I’ve enjoyed immensely, too, exploring the possibilities of the Post-Gutenberg moment, finding what I hope are new ways of reaching readers and the culture, of making my book available for readers, as we all try to figure out where and how we go from here. It’s a very exciting time to write, just from that perspective.
I’m grateful, too, that there has been some interest among South Asian Indian readers and journals. While Robert Frost, Ezra Pound, T. S. Eliot, and so many other American writers, had to go east, back to the old world, if you will, to find and receive a hearing, I have always felt and experienced an attraction to Asia, Japan, China, and India, on many levels of my being. That interest is reflected in my epic. Often I have thought that perhaps for me, if anything like recognition ever finds me, maybe it has to come first somehow from Asia, given what literature and the academy have so often become in the US and Western world.
When I look back at 2012, I can only think it’s been a remarkable year for me, quite a journey on the lived level, really, covering a lot of ground, reading my epic as I finished various drafts, in Buffalo and Albany, and then in Austin, Texas, a number of times. With the epic finished and setup worldwide in hardcover and digital formats, I hope somehow in 2013 to be able to travel more and begin to live my dream of reading and reciting it throughout first Michigan and the United States, and, God willing, around the world, becoming a modern exemplar of that rhapsode on the Berlin Painter’s great and matchless amphora.
Now an ePub on Kobo and Google Play, The Parliament of Poets
Kobo (many devices, iPad, smartphones, tablets, etc.)
Google Play (many devices, iPad, smartphones, tablets, etc.)
Both ebook sellers have numerous affiliates around the world and with time availability of my epic poem will spread to them as well. They both also provide their ebook list to independent booksellers and local bookstores in the USA. For one list, see IndieBound.

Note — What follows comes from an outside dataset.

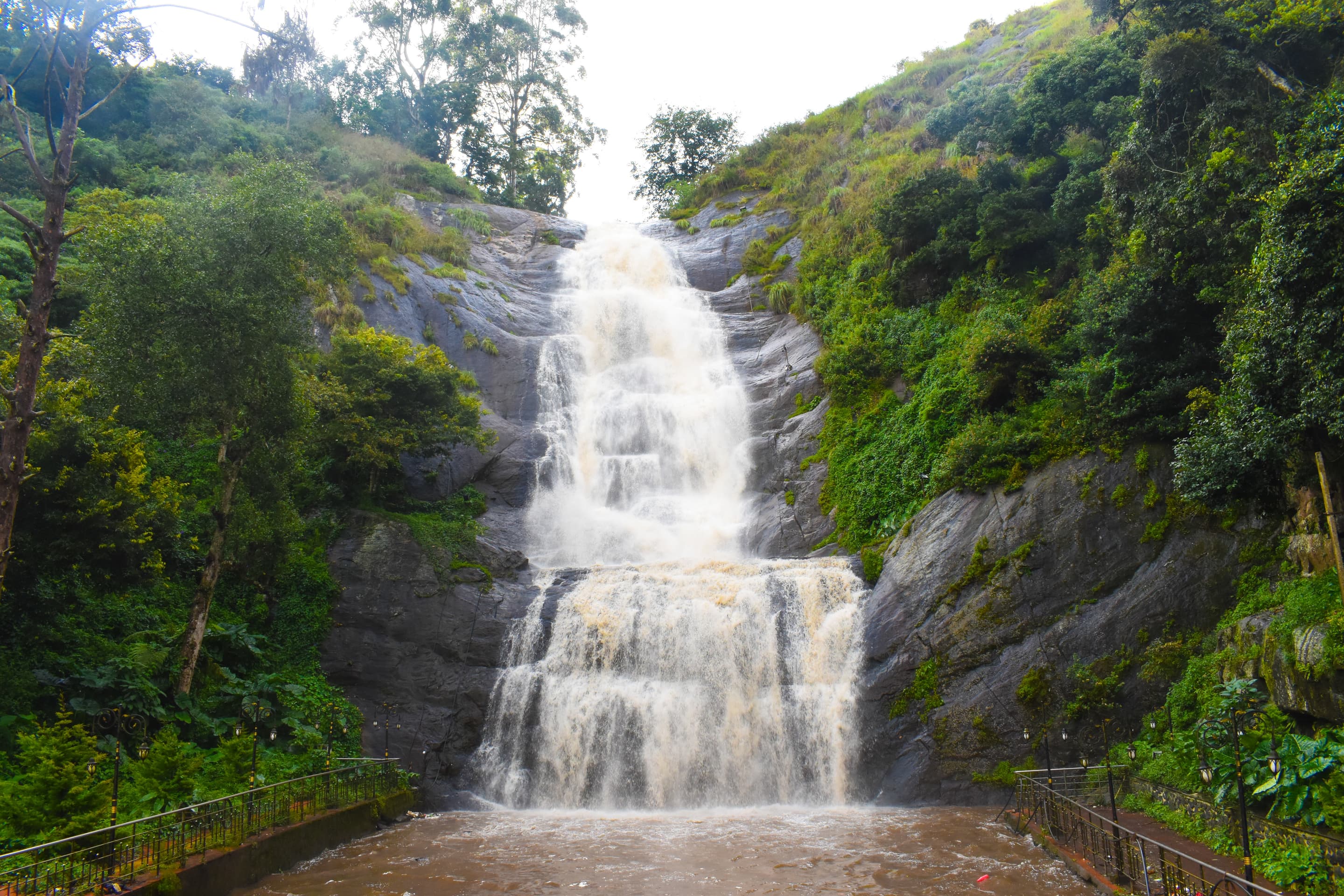 Kodaikanal Holiday Packages from Trivandrum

With the full setup now on Kobo and Google Play, I consider my epic poem fully published and distributed. I don’t anticipate making it available through other outlets. I have all the bases covered, if you will, to my satisfaction–Amazon, hardcover and Kindle; Barnes & Noble, Hardcover and Nook ePub; Kobo, ePub; Google Play, ePub. Through Ingram’s Lightning Source, the epic is available worldwide, or will be soon, as a hardcover book, through many booksellers in the USA, the United Kingdom, all over Europe, Australia, New Zealand, Japan, Korea, India, and many more locations. For specific countries, see my web site page, Order Books.
I don’t really like the way Apple allows independent publishers to place their books on iTunes, i.e., through Smashwords, which has a stigmatizing association that I don’t think highly of and uses what I consider to be an inferior format to the ePub2 that I want my ebooks published in. The reader deserves the best. If iTunes were to allow writers to publish directly through an Apple account, I would then make my books available on it. Unless or until that happens, readers with Apple devices can read my ebooks through the apps for Kobo, Google Play, and Kindle, or the hardcover.
The Parliament of Poets, An Epic Poem, Hardcover, now on Amazon:
The Parliament of Poets, An Epic Poem, Kindle, now on Amazon:
August 12, 2012
Sam Tanenhaus, Editor
The New York Times Book Review
620 Eighth Avenue, 5th Floor
New York, NY 10018
Dear Mr. Tanenhaus,
I write to ask you to reassess the policy of The New York Times Book Review, as stated on the submission help page, that “we only review books . . . available through general-interest bookstores.”
Such a policy does not serve the best interests of readers, writers, nor the general culture. It serves the economic hegemony of largely New York corporate publishers and corporate distributors and bookstores, as well as the library journals of review and acquisition, and other outdated gatekeepers. It prevents new voices and ideas from reaching the nation. With the development of online booksellers and ebooks and the demise of Borders, the policy is no longer defensible, if it ever was.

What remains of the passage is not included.